How had I never seen... "M" (1931)?
Monday, September 23, 2019 at 8:58PM
Mark Brinkerhoff in Fritz Lang, How Had I Never Seen, M, Peter Lorre, serial killers

Series Debut! As a kind of dark mirror to our "Over & Over" column, we've invited  Team Experience to fill in some of their most shameful film history gaps and tell us about their experience. We all have gaps in our viewing with over a century of film history behind us! To kick things off here's a 'Lang-delayed' encounter for Mark. - Editor

by Mark Brinkerhoff

I first became aware of M, Fritz Lang’s seminal 1931 German thriller, while flipping through Vanity Fair’s Hollywood, a weighty, sumptuous 2000 coffee table book. Therein, opposite a cuckoo photo of Doris Day with half a dozen dyed poodles, is a haunting photo of actor Peter Lorre with the following caption...

Born—rather promisingly—in Transylvania, he looked as guilty as sin even when he was innocent, which wasn’t all that often. (He was guilty as charged in Fritz Lang’s M and here, as Raskolnikov, in Crime and Punishment.)

Who is Peter Lorre?, I thought. And what is M?

As a devotee of the sci-fi classic, Metropolis, a groundbreaking 1927 silent film, I was a (minor) fan of Lang’s work. But even after seeing his later noirs with Gloria Grahame, The Big Heat and Human Desire, M somehow eluded me. Who knows why.

The legendary director’s first “talkie,” M revolves around the hunt for a child serial killer, both judicial and extrajudicial (i.e. mob justice). It’s essentially a proto procedural, a pre-Code Law & Order, toggling between the interactions of villagers, law enforcement and the criminal underworld. This partly may be what makes M both timeless and, at times, a bit tedious for modern audiences. Inventively shot and deliberately paced, it makes for an interesting morality tale, but what exactly is the moral of this story?

From the opening shot of children playing a game of elimination to a chilling zoom-in on a chilling wanted poster, the stage is for what certainly must have been an unusual kind of film for that era. Another child soon goes missing. The town’s panic level grows. A prime suspect creepily emerges. Purportedly based on a notorious 1920s murderer, Peter Kürten , the so-called “Vampire of Düsseldorf,” M plays out a slow descent into chaos. There’s a chase, a capture, a kangaroo court, a raid, a revelation—all way to the abrupt closing shot, mothers wailing, which is as haunting as it is seemingly hasty.

Boy, Lorre sure gets to (over)play a fair share of scenes. He comes off as shifty and suspect, but there’s also surprisingly ambiguity in his acting — at least till M’s climactic court scene. He’s well matched by Otto Wernicke as the police inspector, pursuing his suspect methodically. You definitely can sense the influence that this film may have had on latter filmmakers, from Preminger to Demme. There’s gorgeous mise-en-scène throughout.

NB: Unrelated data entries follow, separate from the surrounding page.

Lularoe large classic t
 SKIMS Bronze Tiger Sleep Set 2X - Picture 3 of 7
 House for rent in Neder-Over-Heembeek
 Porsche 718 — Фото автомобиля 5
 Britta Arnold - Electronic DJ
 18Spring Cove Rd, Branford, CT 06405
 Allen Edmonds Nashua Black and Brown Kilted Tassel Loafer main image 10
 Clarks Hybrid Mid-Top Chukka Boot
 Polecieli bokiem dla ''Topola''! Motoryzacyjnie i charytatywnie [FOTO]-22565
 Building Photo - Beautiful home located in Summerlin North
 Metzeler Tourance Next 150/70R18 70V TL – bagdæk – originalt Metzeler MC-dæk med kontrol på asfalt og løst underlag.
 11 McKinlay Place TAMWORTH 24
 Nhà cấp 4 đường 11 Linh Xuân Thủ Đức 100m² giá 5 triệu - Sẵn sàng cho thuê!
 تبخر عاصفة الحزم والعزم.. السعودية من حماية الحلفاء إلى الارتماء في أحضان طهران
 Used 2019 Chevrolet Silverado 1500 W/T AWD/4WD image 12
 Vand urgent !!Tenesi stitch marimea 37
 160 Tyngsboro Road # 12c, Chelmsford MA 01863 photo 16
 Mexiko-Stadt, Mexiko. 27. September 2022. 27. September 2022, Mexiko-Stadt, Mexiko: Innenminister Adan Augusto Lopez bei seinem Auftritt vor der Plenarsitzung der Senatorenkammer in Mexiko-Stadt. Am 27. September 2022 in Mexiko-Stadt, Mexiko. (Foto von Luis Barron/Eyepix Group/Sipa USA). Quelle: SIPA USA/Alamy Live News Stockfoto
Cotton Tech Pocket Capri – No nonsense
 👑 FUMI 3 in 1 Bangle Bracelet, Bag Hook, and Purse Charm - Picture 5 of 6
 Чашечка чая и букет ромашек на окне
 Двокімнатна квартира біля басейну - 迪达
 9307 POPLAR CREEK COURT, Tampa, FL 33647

That Lang considered M to be his favorite of the films he directed is understandable. There’s plenty of meaty psychological and social analysis, a hallmark of German Expressionism. (Naturally the incoming Third Reich shamelessly lifted a “trial” scene for out-of-context use in a 1940 Nazi propaganda film.) I’m glad to have (finally) checked this one off my list. (Thank you, Criterion Channel!) It is, all in all, an effective thriller that thankfully remains readily available via Amazon, iTunes, YouTube, etc.

For those of you who have long since seen it, what say you? (And for those who have yet to watch it, carve out the time.)